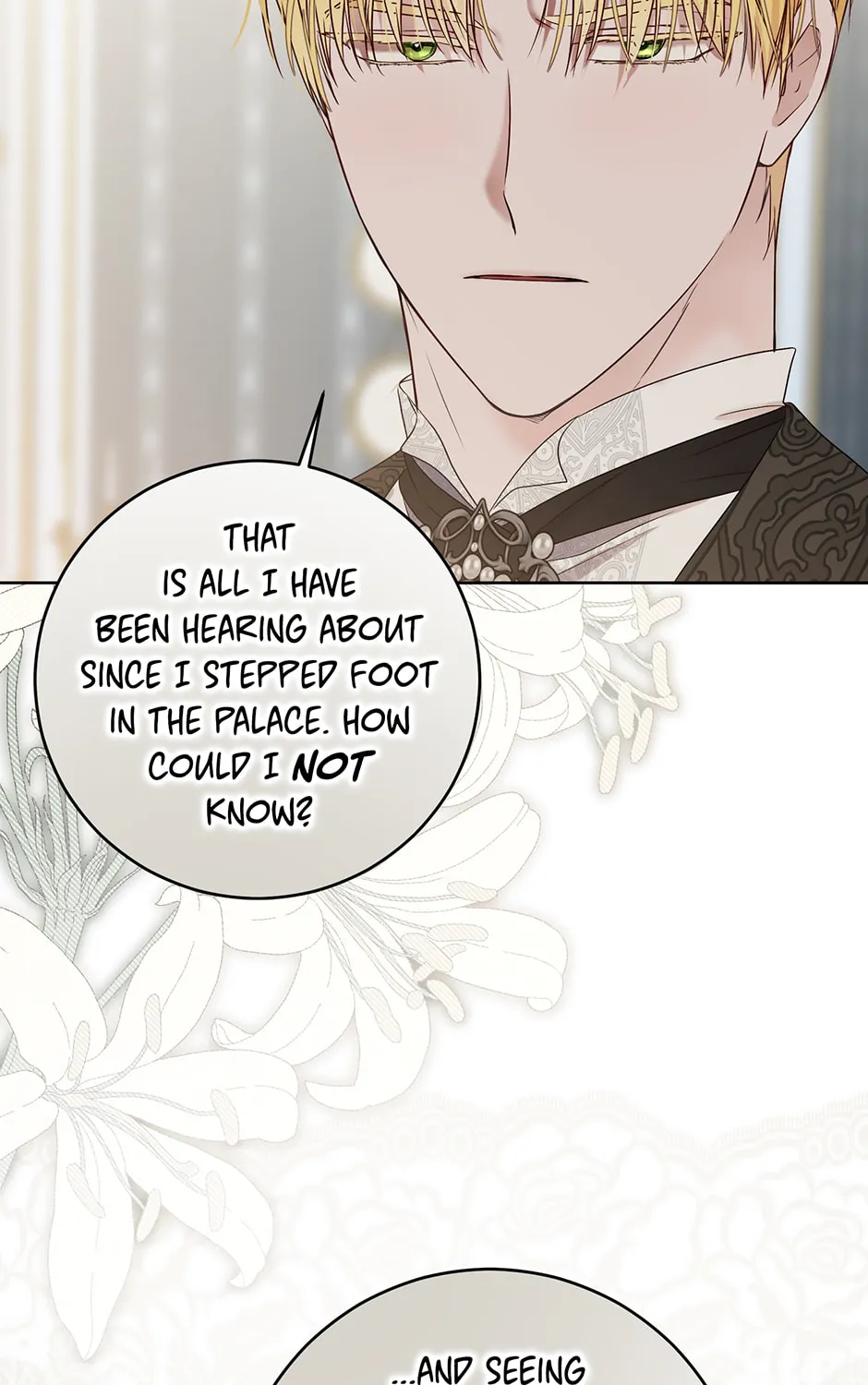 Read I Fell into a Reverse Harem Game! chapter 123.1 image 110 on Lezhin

* * * * * * *

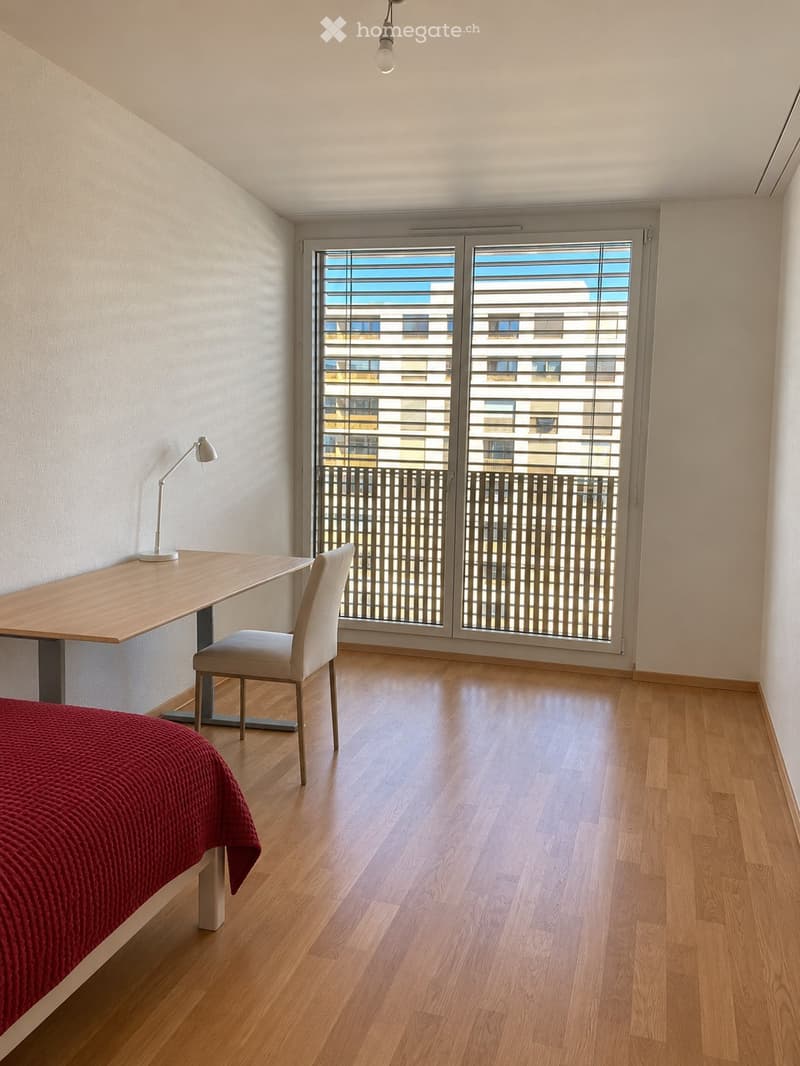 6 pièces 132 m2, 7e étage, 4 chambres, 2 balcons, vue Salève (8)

* * * * * * *

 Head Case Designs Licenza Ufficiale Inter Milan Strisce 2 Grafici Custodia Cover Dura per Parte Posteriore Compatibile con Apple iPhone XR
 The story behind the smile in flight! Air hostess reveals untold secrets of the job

* * * * * * *

* GOAL OF THE EXERCISE *
Take from the material above the lines running from the one with "Head Case Designs" through the one with "The story behind", and repeat them exactly, with nothing else.

* SOLVED EXERCISE *
 Head Case Designs Licenza Ufficiale Inter Milan Strisce 2 Grafici Custodia Cover Dura per Parte Posteriore Compatibile con Apple iPhone XR
 The story behind the smile in flight! Air hostess reveals untold secrets of the job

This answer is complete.